Um segundo conselho é evitar o "matematiquês". "Na vida real, ninguém 'efetua' nada, e 'operação' é de estômago ou de catarata", brinca Stela Piconez. Para evitar essa enrascada, abuse dos sinônimos. Por que não ler a questão dizendo "realize" e "faça a conta"?
O diagnóstico inicial também ajuda a identificar que conteúdos devem ser enfatizados antes do ensino dos algoritmos. Ao pedir que a turma escreva um número, podem-se encontrar, por exemplo, registros como este ao lado.
Essa escrita traz uma hipótese de pensamento apoiada na organização da numeração oral - ou seja, o número foi representado quase como se fala. O problema é que a escrita matemática funciona pela organização posicional, gerando uma contradição. "Em vez de recorrer ao método de riscar o jeito errado e fazer o aluno copiar o certo, o professor deve reconhecer que a hipótese tem lógica. Mas precisa explicar que, por não ser o jeito como todos escrevem, pode haver confusão: alguém pode ler trezentos mil, quinhentos e seis", afirma Iara.
Encontro de trajetórias
O que o professor provavelmente vai descobrir é um grupo heterogêneo, composto por pessoas de diferentes graus de escolaridade e habilidades matemáticas. Assim é a classe de 3º ano do Colégio Imaculada Conceição, em Belo Horizonte. Um dos alunos, o pedreiro Custódio Carreiro de Jesus, 59 anos, já sabia fazer cálculos mentais simples, mas não registrava as contas em papel. Num estágio mais próximo do convencional está sua colega Maria das Graças Gomes, 41 anos. Por ter concluído a 4ª série, a doméstica já possuía algum domínio da matemática formal. "Como sou vendedora autônoma de cosméticos, usava a conta armada para saber quanto as pessoas estavam me devendo. Mas não tinha muita segurança, principalmente nas contas de menos em que tinha de 'pedir emprestado'", relembra.

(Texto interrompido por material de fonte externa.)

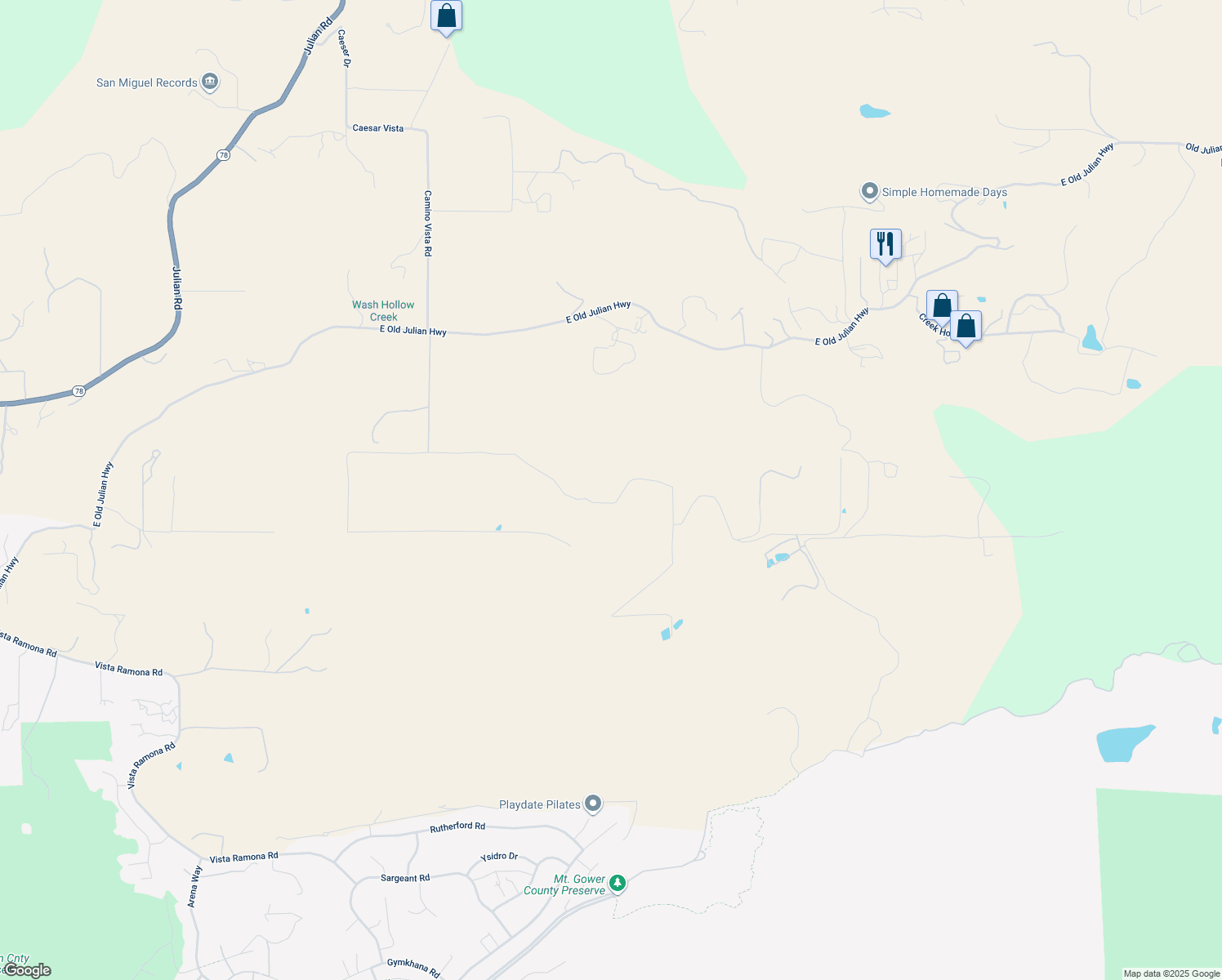 map of restaurants, bars, coffee shops, grocery stores, and more near 24848 Starlight Mountain Road in Ramona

Alunos com níveis de conhecimento distintos representam uma oportunidade interessante: abre-se a porta para comparar estratégias de resolução. Aproveitando-se dessa saudável diferença, Alessandra Rodrigues de Paula, professora de Custódio e Maria das Graças, incentiva o trabalho em grupos, momento de debate de idéias para chegar a uma resposta. Depois, a fim de enfatizar a variedade de formas de solução, Alessandra coleta as hipóteses que surgem. Se a proposta for realizar uma multiplicação simples podem aparecer registros como este ao lado.

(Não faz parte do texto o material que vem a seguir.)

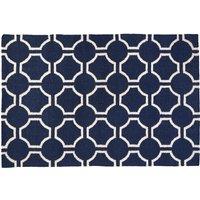Orsina Grey White & Green Rug, Modern Hand Woven Flatweave Rug with Geometric Oval Pattern, Durable Cotton in Blue | Size: 120 cm x 180 cm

Aqui, o que o aluno fez foi escrever o caminho mental usado para resolver a situação, o reagrupamento de somas sucessivas. Ainda que não seja o algoritmo escolar, a capacidade de passar o pensamento para o caderno deve ser valorizada. "Podem aparecer outras formas que devem ser compreendidas conversando sobre o que está escrito e procurando identificar as propriedades matemáticas que apóiam o cálculo", diz Lucillo de Souza Junior, professor da rede municipal de Vila Velha, na Grande Vitória. Autor de um artigo sobre a apropriação dos códigos formais em Matemática, ele leva ao quadro as estratégias que surgem na classe. "O aluno percebe a validade de seu raciocínio e, ao mesmo tempo, toma contato com formas diferentes (e mais rápidas) de solucionar a questão."
Descobrir o saber
Com as estratégias lado a lado, o professor deve indicar as vantagens de cada método. No caso do algoritmo, sua força vem do fato de permitir a obtenção de um resultado independentemente dos números envolvidos - lembre que agrupamento, estimativa e outras táticas não servem para todas as ocasiões. Com o tempo, para aperfeiçoar a passagem do cálculo mental para a conta armada, é possível pedir ao estudante que tente reduzir o registro, aplicando soluções que economizem tempo.
No caso dos alunos da professora Alessandra, a receita tem dado um bom resultado. Maria das Graças não pede mais ajuda à filha da patroa para fazer subtrações. "Minha lista de dívidas está bem mais arrumada. Agora não perco dinheiro pela desorganização", orgulha-se. E o pedreiro Custódio já não precisa calcular quantas pedras de granito cabem num ambiente na base do olhômetro. "Faço as contas antes no caderno e compro sempre a quantidade correta de peças", comemora. A próxima aventura é o aprendizado da multiplicação. Com paciência e persistência, eles vão chegar lá.